Received: 9 December 2015

Accepted: 16 February 2016

Published: 20 February 2016

Abstract

Background

Previous studies have shown that human epidermal growth factor receptor 2 (HER2) may play an important role in the invasion and metastasis of pancreatic cancer, but the relationship between HER2 amplification level and prognosis of pancreatic cancer patients is still controversial. Therefore, we performed a meta-analysis to determine the prognostic significance of HER2 amplification based on fluorescence in situ hybridization (FISH) in patients with pancreatic cancer.

Methods

PubMed, EMBASE, and Web of Science (Jan 2001 to Jun 2015) were searched. Only articles that detect the HER2 amplification by FISH method were included. RevMan 5.3 and STATA version 12 were used to perform this meta-analysis. Pooled calculations were carried out on hazard ratio (HR) and 95 % confidence interval (CI) to assess the risk of disease.

Results

A total of six eligible studies were enrolled in meta-analysis. The univariate analysis results showed that HER2 amplification was not significantly associated with patients’ overall survival (pooled HR, 1.87, 95 % CI, 0.64–5.46, P = 0.25), which are maintained in one study of multivariate analysis (HR 0.51, 95 % CI, 0.12–2.14, P = 0.358). HER2 amplification also had no correlation with clinicopathological factors such as age, gender, lymph node metastasis, and tumor stage.

Conclusions

Our results showed that HER2 amplification based on FISH may not be a good prognostic factor for survival in patients with pancreatic cancer.

Keywords

Pancreatic cancer HER2 Prognosis Meta-analysis FISH

Background

Pancreatic cancer is the fourth leading cause of cancer death in the USA [1]. With a 5-year survival rate of only 5 %, pancreatic ductal adenocarcinoma (PDAC) is known for having an extremely poor prognosis [2]. The most widely studied prognostic factors are related to pathological characteristics of the pancreatic cancer, including differentiation, tumor stage, and metastasis [3].
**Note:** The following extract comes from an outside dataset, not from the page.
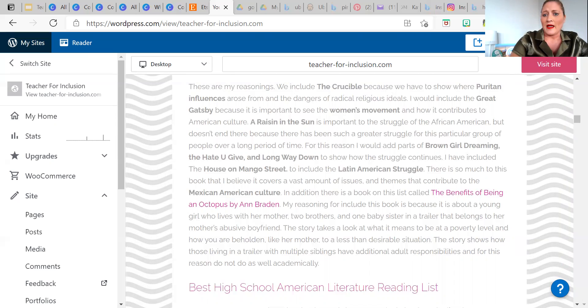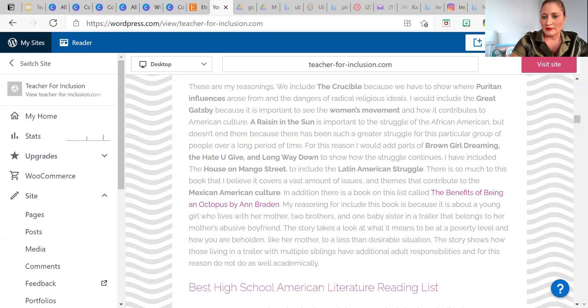The one different book on my list is The Benefits of Being an Octopus. I added this because it's about a young teenage girl growing up in a trailer that belongs to her mother's abusive boyfriend. She has three younger siblings she takes care of daily and doesn't get the opportunity to think about doing well in school. I think we miss this demographic — we have to be careful about the term 'white privilege' because there are groups of people who do not have white privilege. This book adds the poverty-stricken demographic, no matter what your background or culture is.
The progress we made in the field of gene research can be specifically expressed as a continuous recognition of new biological prognostic factors and provide reference for the development of cancer classification and treatment strategies. The human epidermal growth factor receptor 2 (HER2) protein, the c-erb gene encoding the epithelial growth factor receptor, has been considered to play an important role in tumorigenesis [4]. Early studies showed that HER2 is expressed in many tissues including breast, gastric, lung, and ovarian cancer and may promote cell proliferation and facilitate uncontrolled cell growth [57]. HER2 expression is observed in up to 30 % of breast cancer with this receptor being recognized as a poor prognostic marker but also a therapeutic target of a herceptin-based therapy used in both the adjuvant and metastatic setting. The patient’s treatment decisions are increasingly dependent on the accurate detection of HER2 expression.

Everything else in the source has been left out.